The acceptance of rent by Landlord from any person shall not be deemed to be a waiver by Landlord
of any provision hereof. Consent to one assignment or subletting shall not be deemed a consent to
any subsequent assignment or subletting. In the event that Landlord shall consent to a sublease or
assignment under the provisions of this Article 14, Tenant shall pay Landlord’s reasonable
attorney’s fees incurred in connection with giving such consent. Prior to such approval by
Landlord of subletting or assignment, Tenant shall provide Landlord with information concerning the
proposed assignee’s or subtenant’s financial responsibility. Further, if for any proposed
assignment or sublease Tenant receives rent or other consideration either initially or over the
term of the assignment of sublease, in excess of the rent called for hereunder, or in case of the
sublease of a portion of the Premises in excess of such rent fairly allocable to such portion,
after appropriate adjustments to assure that all other payments called for hereunder taken into
account, Tenant shall pay to Landlord as additional rent hereunder all of the excess of each such
payment of rent or other consideration received by Tenant promptly after its receipt.
ARTICLE 15
UTILITIES
UTILITIES
Tenant shall pay for all water, gas, heat, light, power and sewer charges, telephone service
and all other services and utilities supplied to the Premises, together with any taxes thereon. If
any such services are not separately metered to Tenant, Tenant shall pay a reasonable proportion to
be determined by Landlord of all charges jointly metered with other premises.
ARTICLE 16
PERSONAL PROPERTY TAXES
PERSONAL PROPERTY TAXES
Tenant shall pay, or cause to be paid, before delinquency, any and all taxes levied or assessed
and which become payable during the term hereof upon all Tenant’s leasehold improvements,
equipment, furniture, fixtures, and any other personal property located in the Premises. In the
event any or all of the Tenant’s leasehold improvements, equipment, furniture, fixtures, and other
personal property shall be assessed and taxed with the real property, Tenant shall pay to Landlord
its share of such taxes within ten (10) days after delivery to Tenant by Landlord of a statement in
writing setting forth the amount of such taxes applicable to Tenant’s property.
ARTICLE 17
RULES AND REGULATIONS
RULES AND REGULATIONS
Tenant shall faithfully observe and comply with the rules and regulations affecting the Center
that Landlord shall from time to time promulgate and/or modify. The rules and regulations shall be
binding upon the Tenant upon delivery of a copy of them to Tenant.
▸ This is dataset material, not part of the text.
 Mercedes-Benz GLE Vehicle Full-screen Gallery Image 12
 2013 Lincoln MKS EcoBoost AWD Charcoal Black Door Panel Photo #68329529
Landlord shall not be
responsible to Tenant for the nonperformance of any said rules and regulations by any other tenants
or occupants of the Center.
ARTICLE 18
HOLDING OVER
HOLDING OVER
If Tenant shall remain in possession of the Premises after the expiration of the term of this
Lease, Tenant will be deemed to be occupying the Premises as a tenant-at-sufferance subject to all
the covenants and obligations of this Lease and at a daily rental of twice the per diem Minimum
Rent provided hereunder, computed on the basis of a thirty (30) day month, and Tenant will vacate
the Premises and deliver the same to Landlord upon Tenant’s receipt of notice from Landlord to
vacate the Premises. If any Property not belonging to Landlord remains at the Premises after the
expiration of the term of this Lease, Tenant hereby authorizes Landlord to make such disposition of
such property as Landlord may desire without liability for compensation or damages to Tenant. In
the event that such property belongs to someone other than Tenant, Tenant agrees to indemnify and
hold Landlord harmless from all suits, actions, liabilities, losses, damages and expenses in
connection with or incident to any removal, exercise of dominion over and/or disposition of such
property by Landlord.
ARTICLE 19
ENTRY BY LANDLORD
ENTRY BY LANDLORD
Landlord reserves, and with 24 hour notice and during normal business hours except in the case
of an emergency, the right to enter the Premises to inspect the same, to submit said Premises to
prospective purchasers or tenants, to post notices of non-responsibility, to repair
the Premises and any portion of the Building of which the Premises are a part that Landlord may
deem necessary or desirable, without abatement of rent, and may for that purpose erect scaffolding
and other necessary structures where reasonably required by the character of the work to be
performed, always providing that the entrance to the Premises shall not be unreasonably blocked
thereby, and further providing that the business of the Tenant shall not be interfered with
unreasonably. Tenant hereby waives any claim for damages or for any injury or inconvenience to or
interference with Tenant’s business, any loss of occupancy or quiet enjoyment of the Premises, and
any other loss occasioned thereby. Landlord shall have the right to use any and all means which
Landlord may deem proper to gain access in an emergency, in order to obtain entry to the Premises
without liability to Tenant except for any failure to exercise due care for Tenant’s property and
any entry to the Premises obtained by Landlord by any means, or otherwise, shall not under any
circumstances be construed or deemed to be a forcible or unlawful entry into, or a detainer of, the
Premises, or an eviction of Tenant from the Premises or any portion thereof.
ARTICLE 20
TENANT’S DEFAULT
TENANT’S DEFAULT
20.1 Events of Default. The occurrence of any one or more of the following events shall
constitute a default and breach of this Lease by Tenant:
(a) Failure to pay Minimum Rent, adjustments, additional rent or any other monetary
obligation which Tenant is required to pay under this lease when due.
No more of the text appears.